## Information supplied
Start of Block

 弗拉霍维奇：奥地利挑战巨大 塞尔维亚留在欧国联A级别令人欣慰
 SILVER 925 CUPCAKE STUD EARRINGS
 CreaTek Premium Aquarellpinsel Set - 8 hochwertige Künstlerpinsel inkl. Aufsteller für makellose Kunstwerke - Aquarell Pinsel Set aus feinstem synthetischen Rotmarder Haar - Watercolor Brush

End of Block
Start of Block

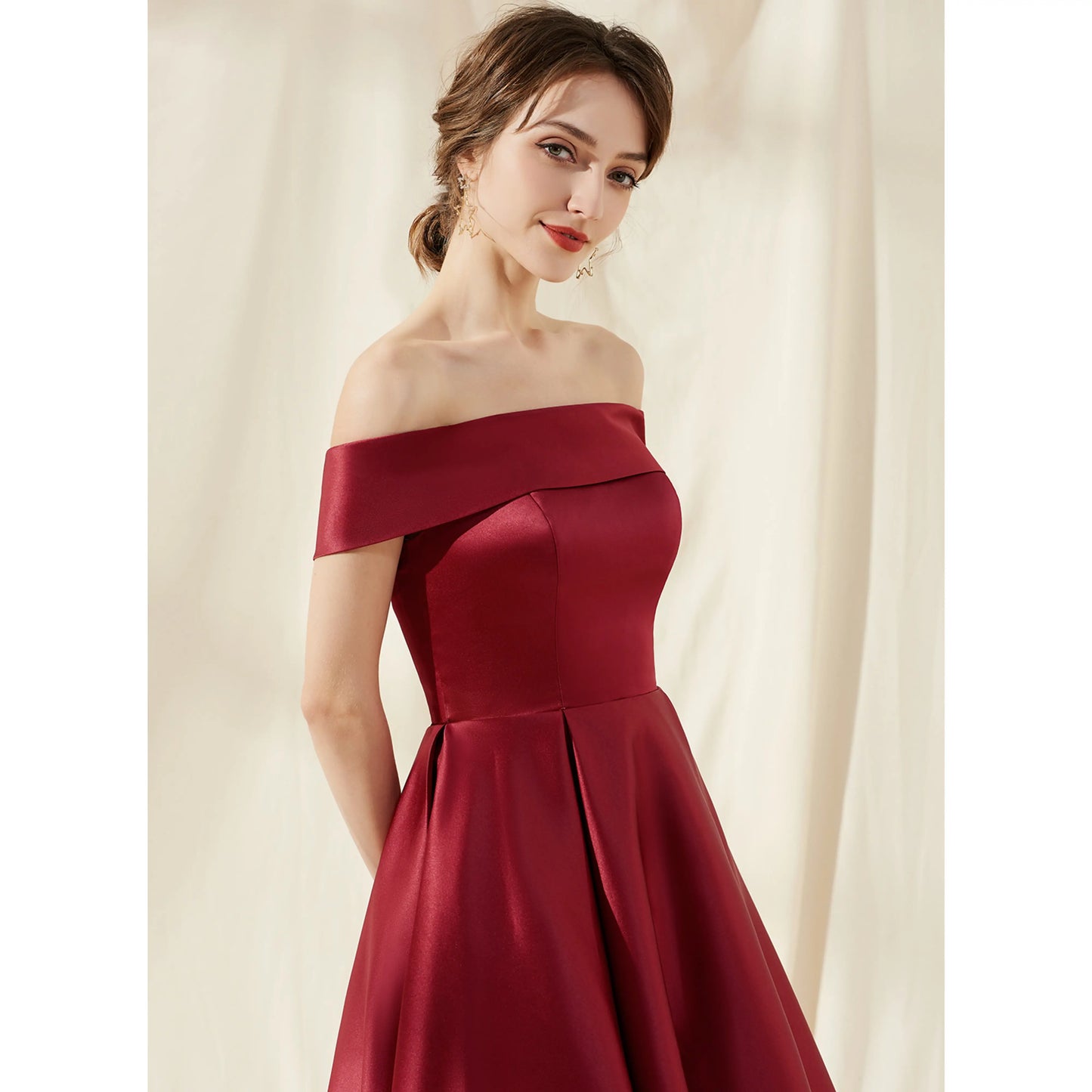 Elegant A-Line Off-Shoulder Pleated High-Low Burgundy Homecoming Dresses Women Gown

End of Block

## Problem statement
From the entries above, write out only the lines starting at the line that holds "SILVER 925 CUPCAKE STUD EARRINGS" and ending at the line that holds "CreaTek Premium Aquarellpinsel", keeping both and matching them exactly.

## Answer to the exercise
 SILVER 925 CUPCAKE STUD EARRINGS
 CreaTek Premium Aquarellpinsel Set - 8 hochwertige Künstlerpinsel inkl. Aufsteller für makellose Kunstwerke - Aquarell Pinsel Set aus feinstem synthetischen Rotmarder Haar - Watercolor Brush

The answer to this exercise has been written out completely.